PREDICT: Large Datasets for Cyber Security
The DHS Science and Technology Directorate is sponsoring an initiative to facilitate the accessibility of computer and network operational data for use in cybersecurity defensive research and development. The PREDICT (Protected Repository for the Defense of Infrastructure against Cyber Threats) initiative represents an important three-way partnership among government, critical information infrastructure providers, and security development communities (both academic and commercial), all of whom seek technical solutions to protect the public and private information infrastructure. The primary goal of PREDICT is to bridge the gap between on one hand producers of security-relevant network operations data and on the other hand technology developers and evaluators who can leverage this data to accelerate the design, production, and evaluation of next-generation cyber security solutions.
Specifically, PREDICT provides developers and evaluators with regularly updated network operations data sources relevant to cybersecurity defense technology development, including sources that are minimally anonymized, if not entirely uncensored. The data sets are intended to provide developers with timely and detailed insight into cyberattack phenomena occurring across the Internet, and in some cases will reveal the effects of these attacks on networks that are owned or managed by the data producers. A key motivation of PREDICT is to make these data sources more widely available to technology developers and evaluators, who today often determine the efficacy of their technical solutions on anecdotal evidence or small-scale test experiments, rather than on more comprehensive real-world data.

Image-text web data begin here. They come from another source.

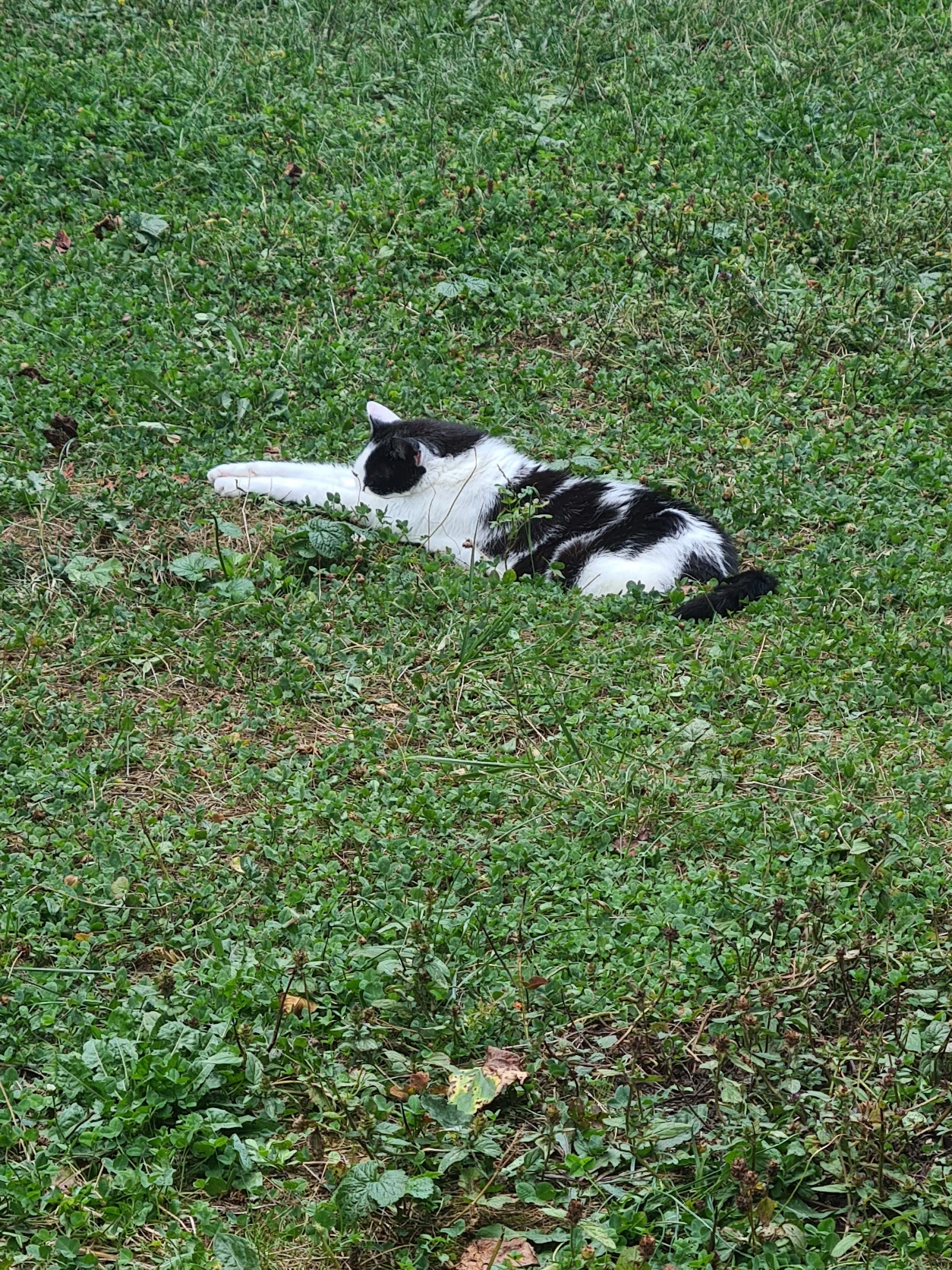 image-8
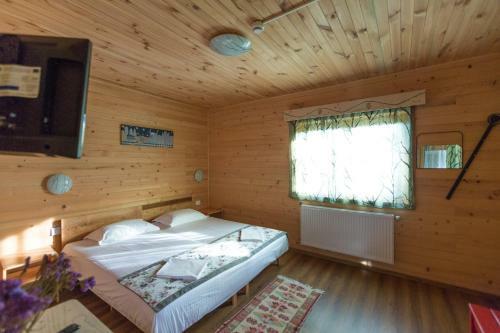Lodge Pensiunea Balkan Expres
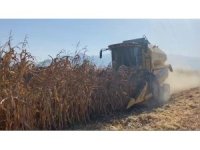 Osmaniye’de kuraklık, mısırda verimi düşürdü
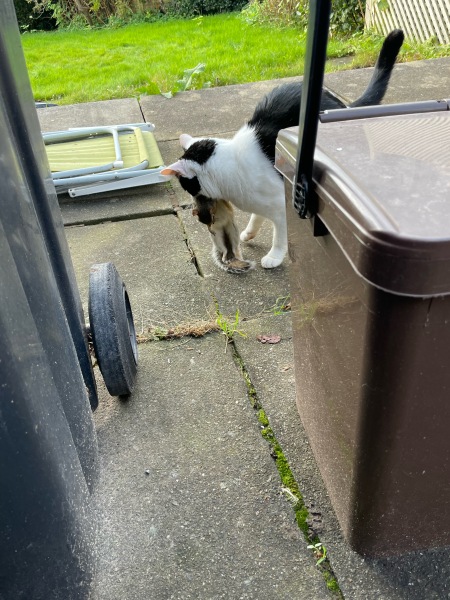 To think Whinfell Center Parcs should not have feral cats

The PREDICT website http://www.predict.org/ contains an overview and general information as background, along with the data repository. Basic categories of datasets include those relating to IP packet headers, and Internet topology data. Descriptions of the specific categories are provided on the website, along with descriptors relating to the fields of the individual datasets. As specified on the website, access to the PREDICT data repository is available to eligible research groups upon approval of their applications. In addition, new sources of data are continually being sought.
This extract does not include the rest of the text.